1.    Face aux tensions mondiales, le protectionnisme est de retour

Pendant de longues années, les échanges internationaux de biens et services ont augmenté à un rythme supérieur à la croissance du PIB mondial, signe d'une intégration croissante des économies nationales. Le principe de bon sens selon lequel chacun se spécialise dans ce qu'il fait de mieux et l'échange contre ce qu'il ne fait plus a amené l'amélioration de la prospérité de tous les pays et contribué à la baisse considérable de la pauvreté planétaire. Outre la spécialisation, l'accroissement de la pression concurrentielle due à la globalisation a fait fortement baisser les prix, dynamisant l'innovation et augmentant fortement les gains des consommateurs en termes de pouvoir d'achat. Au-delà de l'économie, cette évolution favorable des échanges a habitué les peuples à se regarder comme membre d'une même communauté-monde où il est dans l'intérêt de tous de collaborer, plutôt que de s'affronter.

Le Covid-19 a mis un coup d'arrêt net à cette évolution en mettant en évidence les inconvénients d'être dépendant d'autres pays lorsqu'un choc externe interrompait les échanges. Pendant la crise du Covid-19, des situations extrêmes ont conduit à des non-respects de contrats commerciaux face à la priorité donnée aux intérêts nationaux par les pays producteurs de denrées rares (masques, respirateurs, composants électroniques mais aussi vaccins efficaces).

La guerre en Ukraine a constitué une autre douche froide. Le choix purement économique du gaz le moins cher a généré un manque de diversification des sources d'approvisionnement qui ont posé des difficultés significatives aux entreprises industrielles européennes lorsque la Russie a fermé le robinet.

La guerre en Ukraine et l'émergence de l'impérialisme de la Chine a rappelé qu'il était dangereux de dépendre économiquement de pays à régime politique autocratique. Il est également apparu que la concentration géographique représente un risque majeur, longtemps sous-estimé. Ainsi, la tendance actuelle est plutôt au repli sur soi, la défiance remplace la confiance, et le « consommer national » remplace le « consommer le meilleur ».

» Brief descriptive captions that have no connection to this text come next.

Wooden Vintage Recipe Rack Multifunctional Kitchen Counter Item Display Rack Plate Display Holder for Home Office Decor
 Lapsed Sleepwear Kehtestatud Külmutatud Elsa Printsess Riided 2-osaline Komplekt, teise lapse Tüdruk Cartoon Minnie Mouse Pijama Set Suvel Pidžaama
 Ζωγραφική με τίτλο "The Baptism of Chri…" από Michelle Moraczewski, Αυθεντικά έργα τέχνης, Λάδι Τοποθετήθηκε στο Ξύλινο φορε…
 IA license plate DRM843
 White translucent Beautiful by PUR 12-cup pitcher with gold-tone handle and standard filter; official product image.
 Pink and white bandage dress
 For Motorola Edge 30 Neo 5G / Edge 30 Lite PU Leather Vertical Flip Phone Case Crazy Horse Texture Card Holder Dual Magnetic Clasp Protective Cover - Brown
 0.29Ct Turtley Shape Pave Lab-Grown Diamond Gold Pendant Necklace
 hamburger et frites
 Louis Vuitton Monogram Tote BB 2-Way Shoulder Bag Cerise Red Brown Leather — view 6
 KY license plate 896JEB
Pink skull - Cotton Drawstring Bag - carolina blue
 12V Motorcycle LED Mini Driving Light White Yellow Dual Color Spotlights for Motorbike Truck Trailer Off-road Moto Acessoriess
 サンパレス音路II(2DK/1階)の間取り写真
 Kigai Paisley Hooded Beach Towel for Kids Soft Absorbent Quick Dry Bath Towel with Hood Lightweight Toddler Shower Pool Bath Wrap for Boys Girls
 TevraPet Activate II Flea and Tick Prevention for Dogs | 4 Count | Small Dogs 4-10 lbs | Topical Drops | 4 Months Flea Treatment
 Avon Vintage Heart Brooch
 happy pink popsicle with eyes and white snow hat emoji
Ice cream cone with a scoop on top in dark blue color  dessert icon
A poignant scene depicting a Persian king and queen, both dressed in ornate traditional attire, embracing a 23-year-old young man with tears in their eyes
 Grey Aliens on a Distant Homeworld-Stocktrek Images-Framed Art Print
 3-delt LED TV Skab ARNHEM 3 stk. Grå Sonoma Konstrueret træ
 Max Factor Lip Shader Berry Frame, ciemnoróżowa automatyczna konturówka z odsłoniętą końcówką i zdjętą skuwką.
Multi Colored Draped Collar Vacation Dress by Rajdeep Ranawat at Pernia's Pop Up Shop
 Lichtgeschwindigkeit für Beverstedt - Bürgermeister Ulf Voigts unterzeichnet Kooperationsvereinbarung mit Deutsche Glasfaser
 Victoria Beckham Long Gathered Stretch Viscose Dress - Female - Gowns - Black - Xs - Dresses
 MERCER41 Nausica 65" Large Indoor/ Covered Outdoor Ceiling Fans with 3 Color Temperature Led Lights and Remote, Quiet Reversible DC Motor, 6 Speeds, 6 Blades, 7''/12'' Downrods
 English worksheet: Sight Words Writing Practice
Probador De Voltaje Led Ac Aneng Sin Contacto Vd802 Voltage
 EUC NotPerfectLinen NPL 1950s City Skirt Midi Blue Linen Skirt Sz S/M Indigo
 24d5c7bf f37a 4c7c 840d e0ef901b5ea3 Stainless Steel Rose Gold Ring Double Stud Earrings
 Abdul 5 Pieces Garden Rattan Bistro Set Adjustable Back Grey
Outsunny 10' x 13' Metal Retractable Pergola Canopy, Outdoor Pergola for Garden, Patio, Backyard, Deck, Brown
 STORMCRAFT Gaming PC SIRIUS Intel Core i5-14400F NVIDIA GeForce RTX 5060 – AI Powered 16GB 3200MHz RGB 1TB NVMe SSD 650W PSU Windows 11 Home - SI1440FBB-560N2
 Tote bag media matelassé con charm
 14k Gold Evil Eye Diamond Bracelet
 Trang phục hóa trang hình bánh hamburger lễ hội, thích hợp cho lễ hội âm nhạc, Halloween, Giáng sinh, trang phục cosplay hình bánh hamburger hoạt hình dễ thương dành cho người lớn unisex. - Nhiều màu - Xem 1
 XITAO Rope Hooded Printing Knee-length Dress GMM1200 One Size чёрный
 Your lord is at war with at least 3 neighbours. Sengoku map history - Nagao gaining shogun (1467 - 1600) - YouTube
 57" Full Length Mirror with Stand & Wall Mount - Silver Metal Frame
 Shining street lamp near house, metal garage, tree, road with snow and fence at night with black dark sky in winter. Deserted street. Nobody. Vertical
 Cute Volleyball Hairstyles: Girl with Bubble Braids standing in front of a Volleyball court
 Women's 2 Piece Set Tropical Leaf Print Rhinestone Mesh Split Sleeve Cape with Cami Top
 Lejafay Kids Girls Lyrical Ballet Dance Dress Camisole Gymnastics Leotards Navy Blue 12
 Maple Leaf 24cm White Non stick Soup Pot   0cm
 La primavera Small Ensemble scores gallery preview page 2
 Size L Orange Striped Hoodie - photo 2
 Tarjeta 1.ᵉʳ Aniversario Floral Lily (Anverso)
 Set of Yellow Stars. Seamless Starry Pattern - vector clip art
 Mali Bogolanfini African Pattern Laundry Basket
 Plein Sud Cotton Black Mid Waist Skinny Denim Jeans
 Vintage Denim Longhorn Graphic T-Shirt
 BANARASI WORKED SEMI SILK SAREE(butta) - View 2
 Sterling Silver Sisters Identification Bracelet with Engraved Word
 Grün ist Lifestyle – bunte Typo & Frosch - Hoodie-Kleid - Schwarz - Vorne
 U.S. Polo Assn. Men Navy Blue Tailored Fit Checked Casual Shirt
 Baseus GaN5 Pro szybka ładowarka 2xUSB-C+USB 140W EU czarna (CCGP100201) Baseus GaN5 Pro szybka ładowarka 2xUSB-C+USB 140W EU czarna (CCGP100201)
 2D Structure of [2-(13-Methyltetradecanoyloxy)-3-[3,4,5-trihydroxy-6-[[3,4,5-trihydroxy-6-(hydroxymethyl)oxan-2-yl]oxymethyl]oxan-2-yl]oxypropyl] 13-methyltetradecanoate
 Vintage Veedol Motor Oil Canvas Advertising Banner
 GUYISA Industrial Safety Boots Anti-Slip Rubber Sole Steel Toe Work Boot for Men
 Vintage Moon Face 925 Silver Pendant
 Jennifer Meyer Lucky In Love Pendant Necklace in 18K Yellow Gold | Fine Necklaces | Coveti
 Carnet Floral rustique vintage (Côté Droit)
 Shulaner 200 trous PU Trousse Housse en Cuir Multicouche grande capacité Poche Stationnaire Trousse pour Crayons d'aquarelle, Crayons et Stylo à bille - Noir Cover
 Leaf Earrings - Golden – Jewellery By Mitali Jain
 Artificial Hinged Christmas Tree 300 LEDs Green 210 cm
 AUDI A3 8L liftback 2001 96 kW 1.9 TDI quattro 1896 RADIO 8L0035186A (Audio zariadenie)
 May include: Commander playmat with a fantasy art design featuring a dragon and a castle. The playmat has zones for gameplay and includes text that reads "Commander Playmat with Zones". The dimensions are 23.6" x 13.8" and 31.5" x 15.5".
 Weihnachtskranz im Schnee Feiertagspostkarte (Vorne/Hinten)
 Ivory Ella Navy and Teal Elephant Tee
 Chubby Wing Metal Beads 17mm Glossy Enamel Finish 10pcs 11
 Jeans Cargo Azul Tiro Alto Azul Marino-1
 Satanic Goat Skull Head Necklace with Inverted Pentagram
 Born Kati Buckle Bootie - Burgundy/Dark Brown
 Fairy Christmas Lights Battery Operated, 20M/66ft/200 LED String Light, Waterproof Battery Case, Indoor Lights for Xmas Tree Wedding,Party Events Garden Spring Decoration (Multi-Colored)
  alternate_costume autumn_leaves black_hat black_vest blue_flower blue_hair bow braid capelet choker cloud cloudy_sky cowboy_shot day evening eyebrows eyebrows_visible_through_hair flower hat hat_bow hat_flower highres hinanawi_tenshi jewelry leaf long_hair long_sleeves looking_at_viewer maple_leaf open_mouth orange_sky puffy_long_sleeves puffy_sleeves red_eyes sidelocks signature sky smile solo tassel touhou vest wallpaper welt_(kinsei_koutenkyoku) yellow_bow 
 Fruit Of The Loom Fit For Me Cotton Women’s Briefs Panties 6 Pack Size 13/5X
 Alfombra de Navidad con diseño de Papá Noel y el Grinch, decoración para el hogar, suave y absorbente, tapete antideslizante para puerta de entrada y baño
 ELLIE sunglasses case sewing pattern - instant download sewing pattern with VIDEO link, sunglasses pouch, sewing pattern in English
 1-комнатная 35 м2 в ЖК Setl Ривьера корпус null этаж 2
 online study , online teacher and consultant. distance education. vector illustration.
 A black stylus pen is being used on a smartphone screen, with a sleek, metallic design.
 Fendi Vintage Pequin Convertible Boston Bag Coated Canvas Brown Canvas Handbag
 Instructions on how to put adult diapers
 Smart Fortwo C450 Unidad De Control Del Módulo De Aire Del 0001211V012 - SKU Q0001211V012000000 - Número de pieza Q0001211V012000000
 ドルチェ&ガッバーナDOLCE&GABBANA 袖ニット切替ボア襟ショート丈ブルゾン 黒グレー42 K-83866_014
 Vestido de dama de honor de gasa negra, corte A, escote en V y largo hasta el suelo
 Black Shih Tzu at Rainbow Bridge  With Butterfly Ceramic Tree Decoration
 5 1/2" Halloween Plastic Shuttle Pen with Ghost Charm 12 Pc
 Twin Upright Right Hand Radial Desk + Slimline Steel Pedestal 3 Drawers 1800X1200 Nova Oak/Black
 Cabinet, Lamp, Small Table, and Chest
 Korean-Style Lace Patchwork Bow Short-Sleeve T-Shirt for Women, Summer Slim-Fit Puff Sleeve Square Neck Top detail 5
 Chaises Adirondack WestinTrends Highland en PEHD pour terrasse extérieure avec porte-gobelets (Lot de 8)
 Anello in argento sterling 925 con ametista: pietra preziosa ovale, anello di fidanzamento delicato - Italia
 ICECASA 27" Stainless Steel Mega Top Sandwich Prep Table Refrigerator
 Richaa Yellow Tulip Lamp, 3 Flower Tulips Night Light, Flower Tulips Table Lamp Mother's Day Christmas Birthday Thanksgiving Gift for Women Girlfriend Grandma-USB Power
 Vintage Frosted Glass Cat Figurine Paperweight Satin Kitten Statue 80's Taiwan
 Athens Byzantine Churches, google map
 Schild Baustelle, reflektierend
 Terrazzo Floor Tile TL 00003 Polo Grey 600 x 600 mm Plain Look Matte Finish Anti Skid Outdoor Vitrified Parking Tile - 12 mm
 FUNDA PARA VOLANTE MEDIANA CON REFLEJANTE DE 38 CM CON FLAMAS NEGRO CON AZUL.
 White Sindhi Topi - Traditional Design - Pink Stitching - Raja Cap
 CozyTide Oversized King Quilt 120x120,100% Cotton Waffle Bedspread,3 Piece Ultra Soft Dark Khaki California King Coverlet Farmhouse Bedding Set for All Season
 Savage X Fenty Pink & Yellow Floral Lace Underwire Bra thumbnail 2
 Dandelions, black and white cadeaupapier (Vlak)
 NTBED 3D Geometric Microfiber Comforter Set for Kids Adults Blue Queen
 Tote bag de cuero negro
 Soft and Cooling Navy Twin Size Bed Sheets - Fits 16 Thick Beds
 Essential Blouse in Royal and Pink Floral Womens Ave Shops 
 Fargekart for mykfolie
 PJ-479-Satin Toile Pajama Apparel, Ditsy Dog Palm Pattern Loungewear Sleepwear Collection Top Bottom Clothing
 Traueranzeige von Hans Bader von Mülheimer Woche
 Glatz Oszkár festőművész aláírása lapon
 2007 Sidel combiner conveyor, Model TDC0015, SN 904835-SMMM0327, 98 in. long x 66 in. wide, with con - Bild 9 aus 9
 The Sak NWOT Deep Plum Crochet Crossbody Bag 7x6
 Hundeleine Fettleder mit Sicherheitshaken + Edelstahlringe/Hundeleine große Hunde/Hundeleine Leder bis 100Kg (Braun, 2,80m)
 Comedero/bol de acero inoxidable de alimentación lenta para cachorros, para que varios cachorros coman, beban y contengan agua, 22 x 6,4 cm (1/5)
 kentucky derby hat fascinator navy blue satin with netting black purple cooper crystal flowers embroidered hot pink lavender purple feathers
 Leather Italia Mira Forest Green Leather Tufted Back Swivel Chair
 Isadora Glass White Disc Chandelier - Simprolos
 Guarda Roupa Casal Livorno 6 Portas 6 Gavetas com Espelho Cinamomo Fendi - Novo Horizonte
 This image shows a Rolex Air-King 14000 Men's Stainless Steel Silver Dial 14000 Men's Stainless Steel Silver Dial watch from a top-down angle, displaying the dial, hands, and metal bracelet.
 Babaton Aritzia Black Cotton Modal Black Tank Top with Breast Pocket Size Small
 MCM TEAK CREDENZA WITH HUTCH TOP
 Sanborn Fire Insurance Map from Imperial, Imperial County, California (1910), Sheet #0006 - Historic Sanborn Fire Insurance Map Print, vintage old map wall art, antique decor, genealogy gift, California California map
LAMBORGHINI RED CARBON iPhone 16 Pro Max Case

2.    Le nouveau protectionnisme américain

Le retour du protectionnisme aux Etats-Unis initié par le président Donald Trump a mis également un coup d'arrêt à la globalisation. En 2018, Donald Trump avait activé divers tarifs douaniers pour donner une bouffée d'oxygène aux industries affaiblies par les importations provenant du reste du monde, tout en ciblant la Chine en priorité.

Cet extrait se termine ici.